The development of multivariate risk models has resulted in improved prognostication over the traditional benign/malignant distinction. Of these models, the one most similar to the traditional definition of malignant SFT stratifies tumors into four risk tiers based on mitotic count, pleomorphism, and tumor cellularity. A set of risk calculators proposed by the French Sarcoma Group (FSG) incorporates clinical data (patient age, tumor site), pathological features (mitotic count), and history of radiotherapy to variously predict overall survival, local recurrence, and distant metastatic risk. The most widely used model for metastatic risk incorporates mitotic count (≥ 2 mitoses/mm2), patient age (≥ 55 years), and tumor size stratified by 5 cm tiers to classify tumors into low, intermediate, and high-risk groups. This model has been validated for both thoracic and extrathoracic SFTs; a subsequent refinement includes necrosis as a fourth variable, resulting in higher numbers of cases being classified as low-risk.

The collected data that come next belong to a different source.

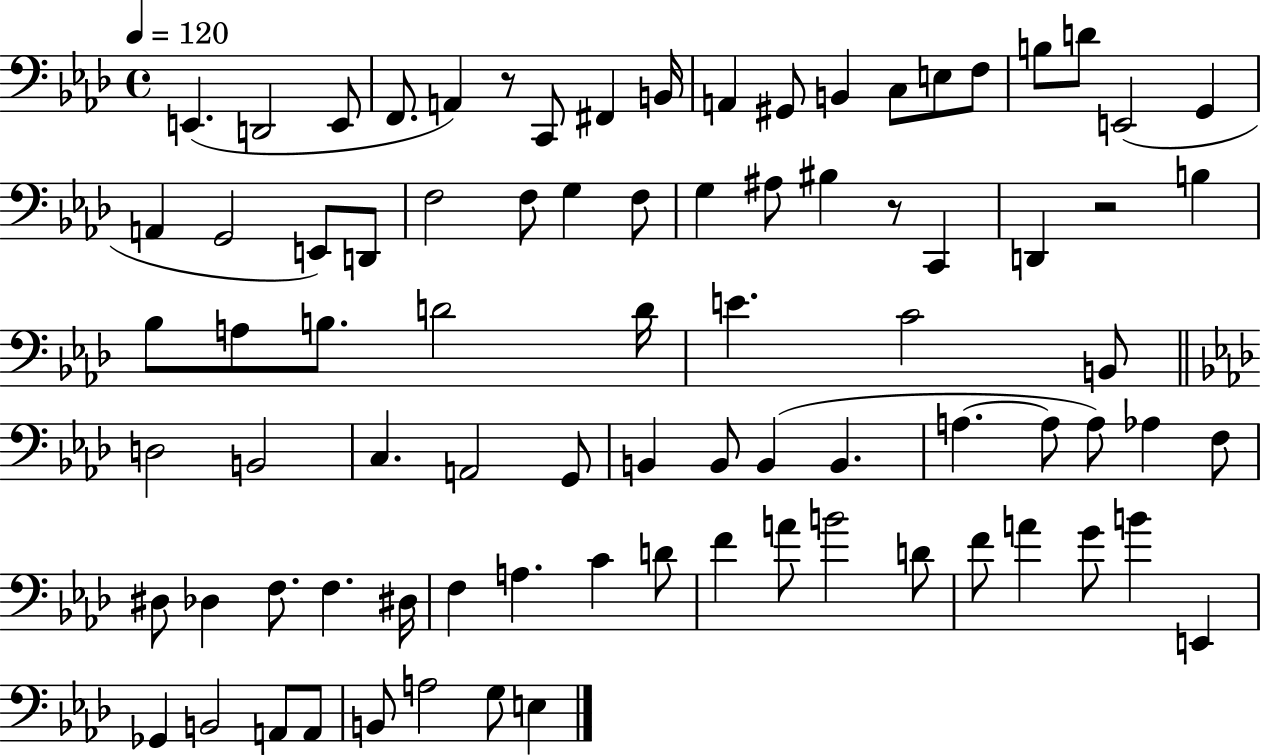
{
  \clef bass
  \time 4/4
  \defaultTimeSignature
  \key aes \major
  \tempo 4 = 120
  \repeat volta 2 { e,4.( d,2 e,8 | f,8. a,4) r8 c,8 fis,4 b,16 | a,4 gis,8 b,4 c8 e8 f8 | b8 d'8 e,2( g,4 | \break a,4 g,2 e,8) d,8 | f2 f8 g4 f8 | g4 ais8 bis4 r8 c,4 | d,4 r2 b4 | \break bes8 a8 b8. d'2 d'16 | e'4. c'2 b,8 | \bar "||" \break \key aes \major d2 b,2 | c4. a,2 g,8 | b,4 b,8 b,4( b,4. | a4.~~ a8 a8) aes4 f8 | \break dis8 des4 f8. f4. dis16 | f4 a4. c'4 d'8 | f'4 a'8 b'2 d'8 | f'8 a'4 g'8 b'4 e,4 | \break ges,4 b,2 a,8 a,8 | b,8 a2 g8 e4 | } \bar "|."
}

NAB2-STAT6 gene fusions are pathognomonic (specific indicators) for SFT. However, because NAB2 and STAT6 are in close proximity on chromosome 12q, detection of their fusion is difficult by conventional cytogenetic methods, and the diversity of breakpoints occurring in both exons and introns makes PCR-based detection of fusion variants difficult without multiplexed sequencing assays. STAT6 immunohistochemistry is a sensitive and specific surrogate for all fusions.

Essential: spindled to ovoid cells arranged around a branching and hyalinized vasculature; variable stromal collagen deposition; CD34 and/or STAT6 expression by immunohistochemistry.

Desirable (in selected cases): demonstration of NAB2-STAT6 gene fusion.